March 24, 2021

Portrait of Carole Clair and Joëlle Schwarz

Marie Fourquet

Medicine and gender


I would like to share with you the remarkable work of two women I admire: Carole Clair and Joëlle Schwarz, who together run the Medicine and Gender Unit at Unisanté in Lausanne.

I am lucky enough to be friends with Joëlle, a sociologist and doctor in epidemiology. Thanks to her, I discovered the startling disparity in diagnosis and treatment between men and women. It is a little known fact, but the gender of the patient has an impact on their health.


Lausanne, 19 January 2021. UNISANTE, Carole CLair and Joëlle Schwartz, Heads of the Medicine and Gender Unit. Photo: Odile Meylan/24heures

To take a straightforward example, women who have a heart attack have a higher mortality rate than men. Stereotypes tend to delay diagnosis in women, and their doctors are more likely to think that the patient is having an anxiety attack and fail to detect their heart attack on time. Obviously, when my friend Joëlle tells me about this case, I picture an old, paternalistic doctor who, from his lofty scientific perch, fails to listen properly to his patient and wrongly prescribes her anxiety medication even as her heart is about to stop beating.

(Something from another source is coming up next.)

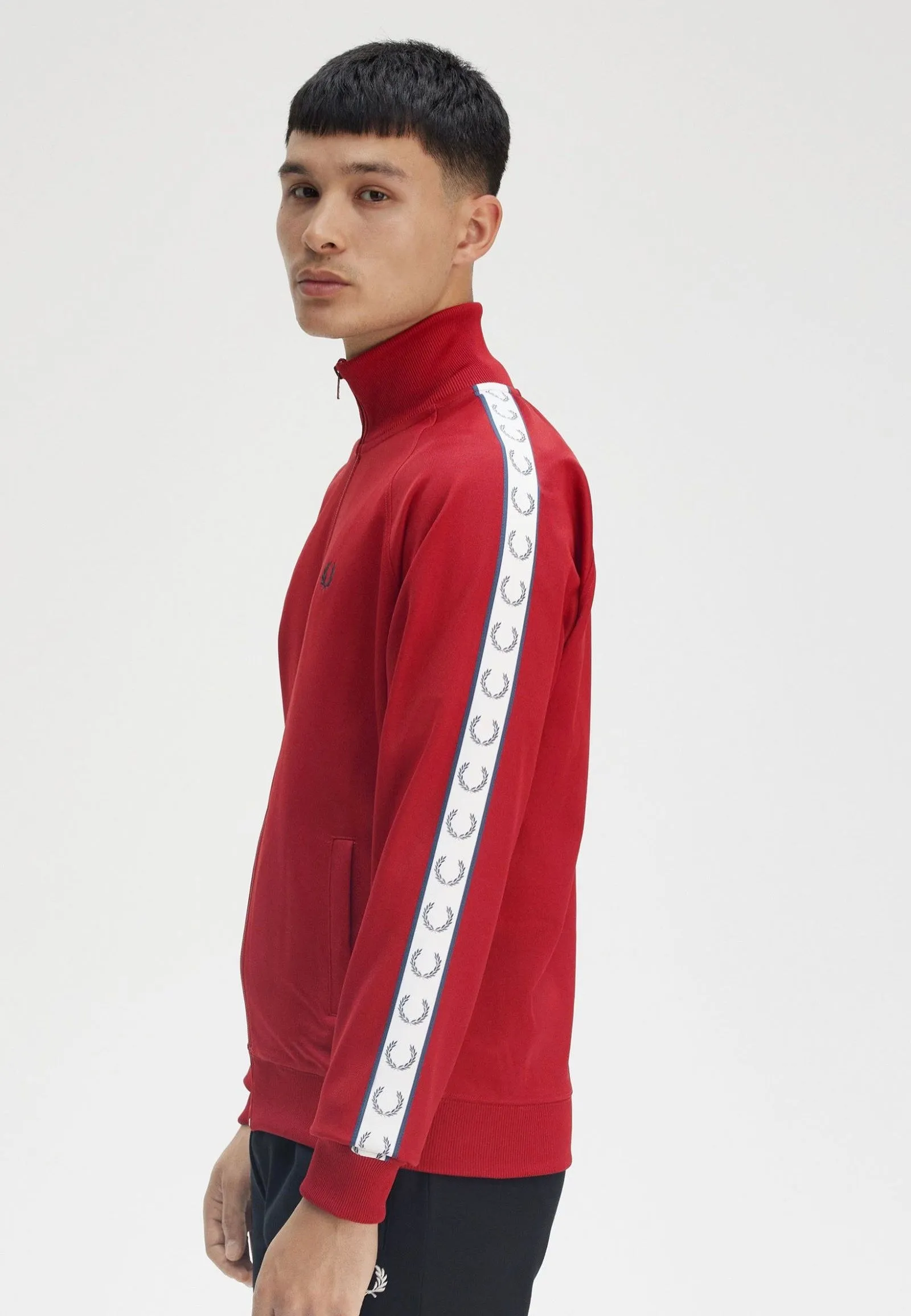Happy looks Fred Perry - Taped Track Burnt Red - Track Jacket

I possibly exaggerate and get irritated because, historically, medical research has been conducted by men, on men and for men. Fortunately, though, I’m not a doctor, and few people would pay any heed to the irritation I feel. Carole Clair, a professor of medicine, and Joëlle Schwarz are above all implementing a project that is scientific and activist in nature. The Medical and Gender Unit, which they direct, aims to study the influence of sex and gender on health and pass on the relevant knowledge and skills to the professionals concerned, in order to contribute to the fight against health inequalities.

And this is a huge task!

Women are often less well cared for than men for the same pain; they have to wait longer to be given painkillers. When a pre-menopausal woman wants to stop smoking, she is given inadequate care: her metabolism ought in fact to be receiving nicotine substitutes in higher proportions. It has also been observed that some chemotherapy treatments have a different amount of toxicity among women and cause more side-effects. A world is opening up to me, in which gender-blind medicine has serious consequences for women’s health.

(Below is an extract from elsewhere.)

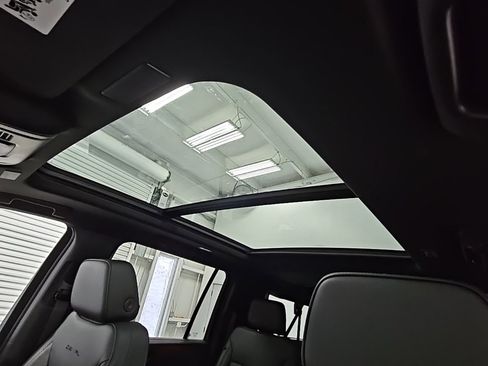 New 2025 GMC Yukon XL Denali w/ Sun & Power Step Package image 31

Joëlle explains to me nonetheless that it is not always to the detriment of women. Particularly when it comes to osteoporosis and depression, for which women are given better care. Men also suffer from the societal construction of gender. The suicide rate is higher among men. I can imagine a man providing for his family, trapped in a society that expects him to succeed, might not dare to confide in his doctor.

How can these inequalities be remedied?

It starts by making future doctors aware of the gender issue. The University of Lausanne has been a pioneer in recent years with several hours of compulsory teaching in gender medicine. Carole Clair and Joëlle Schwarz are also working on developing a gender measurement index. The project, supported by the Swiss National Foundation for Scientific Research, is aimed at conducting research into healthcare in Switzerland.

 Marie Fourquet is based in Lausanne. She is an author, script-writer and radio presenter for the RTS.